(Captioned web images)
------------
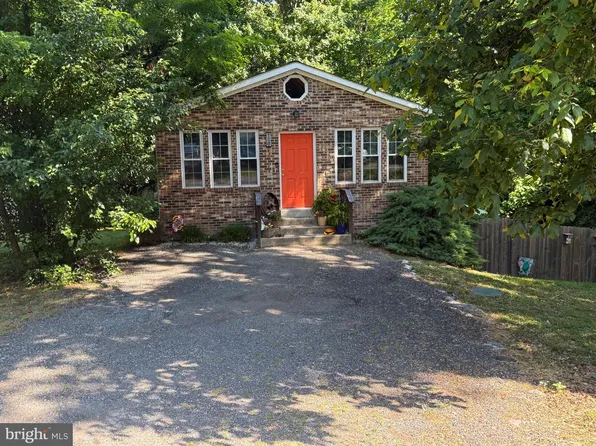 729 Spruce Dr, Lusby, MD 20657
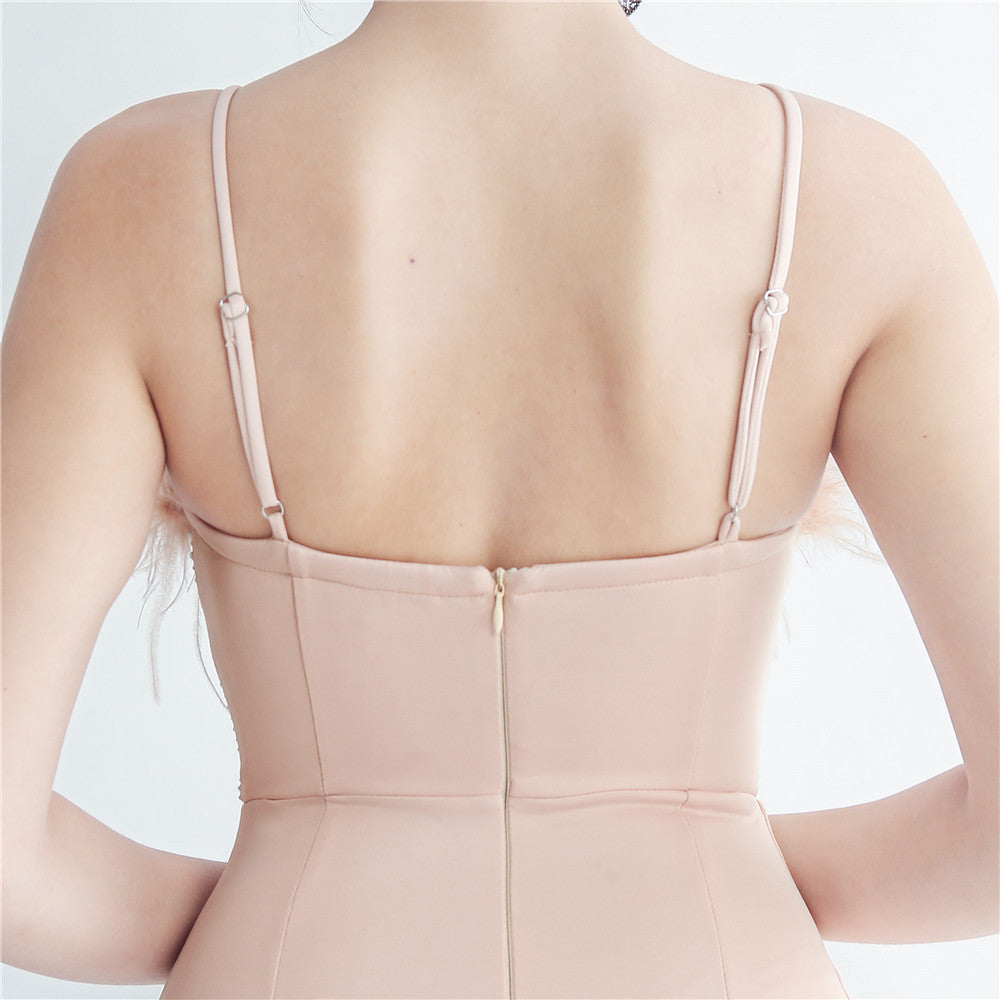 Elegantes Bandage-Maxikleid mit Diamanten – Bodenlang & Quadratkragen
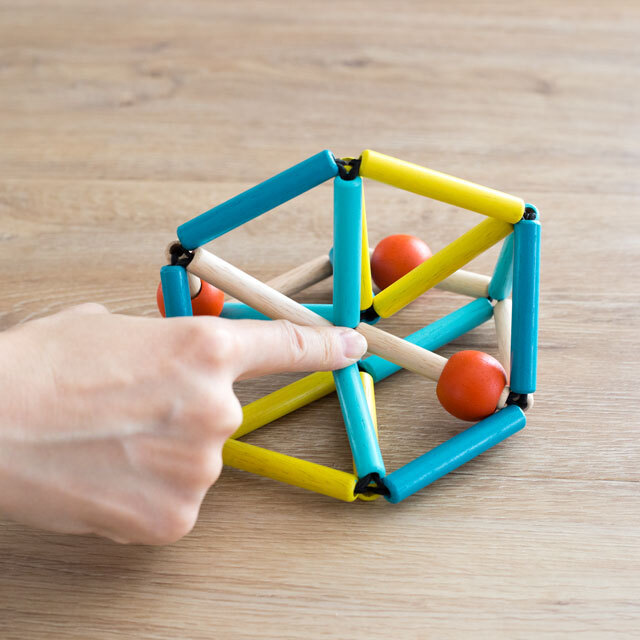 GRABBER(グラバー)【ヒロ・コーポレーション】【にぎにぎおもちゃ・カタカタ】【0歳~】 指で押しつぶした様子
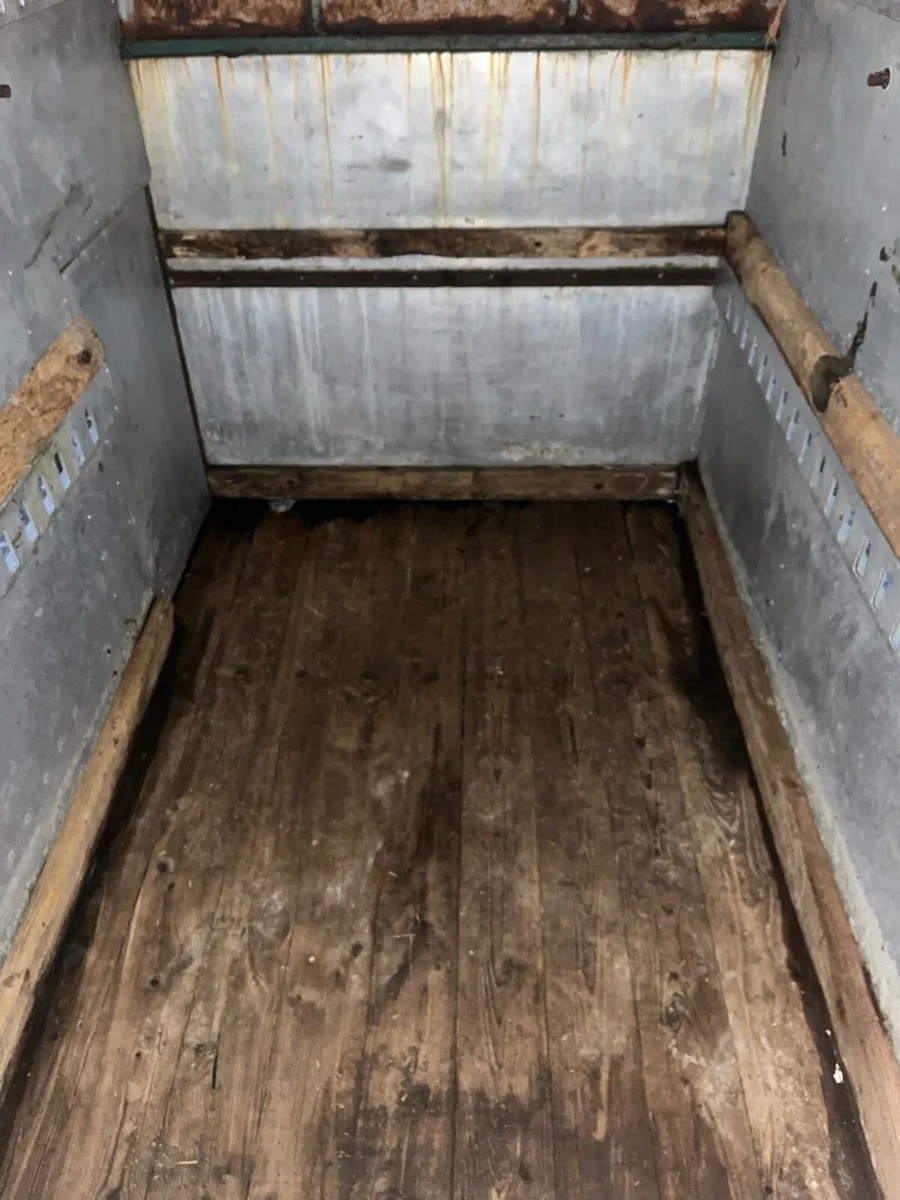 Two cow trailer - Image 4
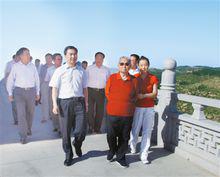 李子奇（前右二）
------------
### Exercise aim
The answer must be the entries above, printed exactly, with no pictures.

### Exercise solution
 729 Spruce Dr, Lusby, MD 20657
 Elegantes Bandage-Maxikleid mit Diamanten – Bodenlang & Quadratkragen
 GRABBER(グラバー)【ヒロ・コーポレーション】【にぎにぎおもちゃ・カタカタ】【0歳~】 指で押しつぶした様子
 Two cow trailer - Image 4
 李子奇（前右二）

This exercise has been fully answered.